Meantime, Rosamond and Camilla were having a telephone talk.

“Well, I found her, but that was all,” Camilla was saying. “She’s a servant all right, and she’s working in a swell house in a swell neighborhood, real old substantial people, I should judge. I’m afraid you’ll have a time getting her away, even if you pay a criminally enormous sum. But you’ll have to do the getting yourself. I’ve exhausted my efforts in finding her, and I did my best to get her to come and see you, but she practically laughed in my face. She said she wouldn’t leave where she was and what she was doing for anybody or anything. And I warn you, if you do get her, you’ll be sorry. She’s an insolent piece, and you never will stand for her.”

But Rosamond took down the address and determined that she would go tomorrow and find out about the girl. She couldn’t go today, because she had a very important meeting of a committee belonging to her club. But she thanked Camilla and laid aside her worries on the score of no nurse for the present. She was sure she could coax any living girl away from her employer if she went about it the right way. And she always knew the right way.

After Astra had closed the door behind her disturbing guest, the day went forward more calmly. She took time to go by herself and snatch a Bible verse to live through its hours, and to talk to her Lord, and ask help and guidance in every happening.

The verse she came upon in her hurried reading startled her, because she had been so upset by Camilla’s visit.
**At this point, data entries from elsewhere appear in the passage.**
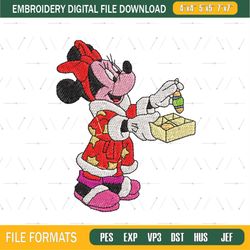 Disney Christmas Minnie Mouse Embroidery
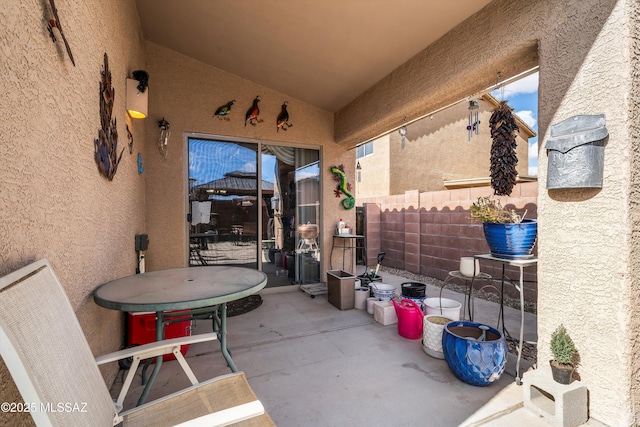 view of patio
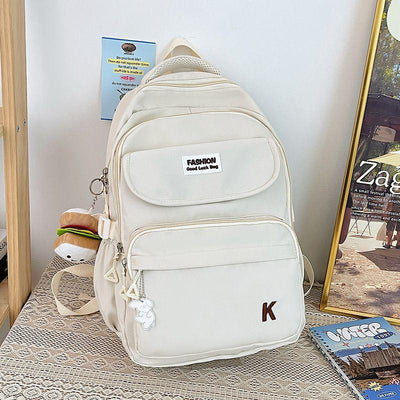 White Fashion Backpack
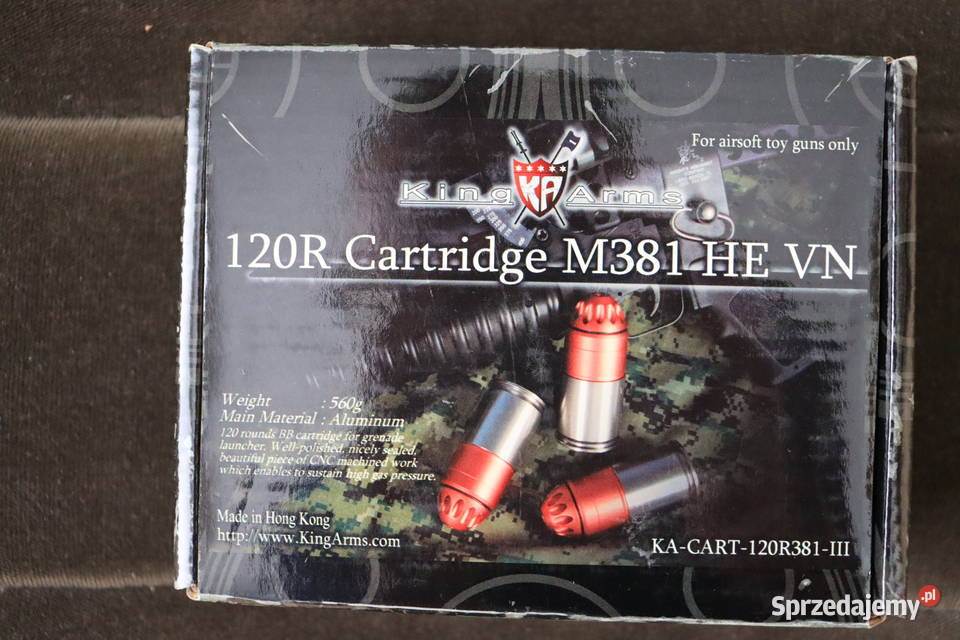 Granat ASG King Arms mazowieckie Warszawa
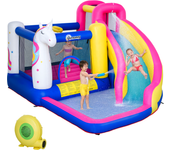 Castillo inflable infantil outsunny tela oxford, poliéster multicolor 360x305x210 cm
It was:
“No weapon that is formed against thee shall prosper; and every tongue that shall rise against thee in judgment thou shalt condemn. This is the heritage of the servants of the Lord, and their righteousness is of me, saith the Lord.”
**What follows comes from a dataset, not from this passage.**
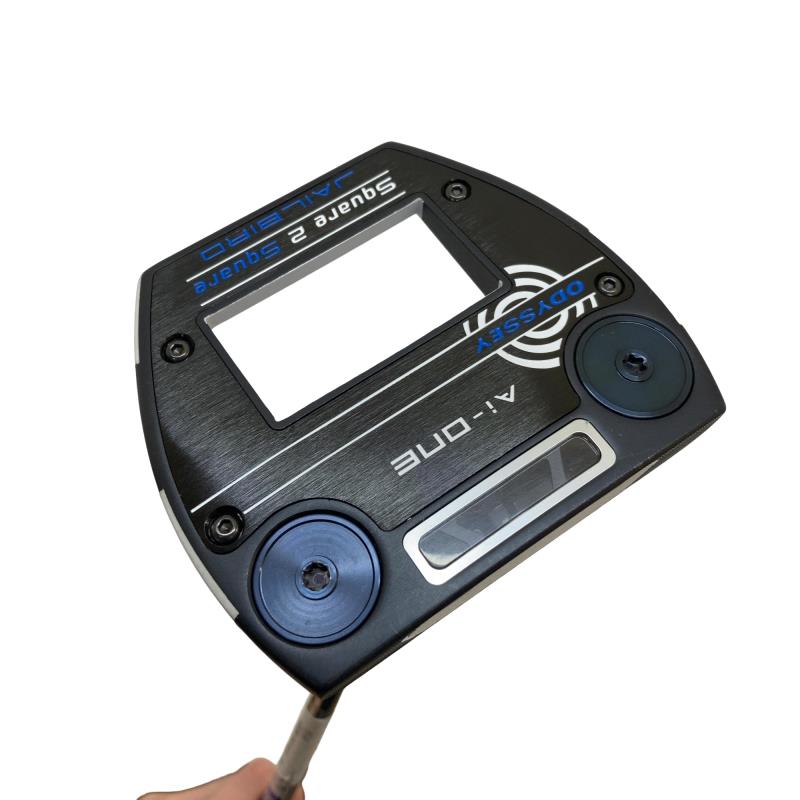 【中古】 オデッセイ Ai-ONE SQUARE 2 SQUARE JAILBIRD 33インチ パター PT STROKE LAB 90 スチール (フレックスその他) メンズ 男性用 右利き 右用 Cランク ゴルフクラブ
She said it over to herself several times as she went on through the day, glad to rest the matter of this disagreeable enemy of hers entirely in His keeping and just forget it.

So the day came to evening, and evening brought another message from Cameron. He had to take a later train than he had planned and would not get to her house until a little after nine. Might he come to her then?

And the hours crept slowly, happily by.

The shabby car came to find a parking place among a dense patch of shrubbery in the little park across from the Everson house. Cousin Duke, in another car which he had hired for himself, and driven himself, took up his stand at the curb in front of a vacant house a short distance from the point of immediate interest, yet where he could view operations without being observed. He arranged himself in the shadow, with a hat drawn down over his eyes and a collar turned high about his chin.

From where he sat in the darkness, he could see Astra sitting near the window, reading. She looked so bright and happy, that his fury rose. She was going to be a hard customer to deal with, he was afraid. But, of course, she would yield to reason if he worked the thing in the right way. And it must be done quickly, for it wouldn’t do for Miriam to find out about this. Miriam could be pretty determined at times and make the world most uncomfortable for him. This must be done thoroughly and done tonight, for tomorrow was Astra’s birthday. He ought to have started sooner. It was all Miriam’s fault that he didn’t, because she was so slow to remember dates and things.

Once he noticed a police car drive by and turn into the park, but listening, it seemed to him he heard it drive away far in the distance.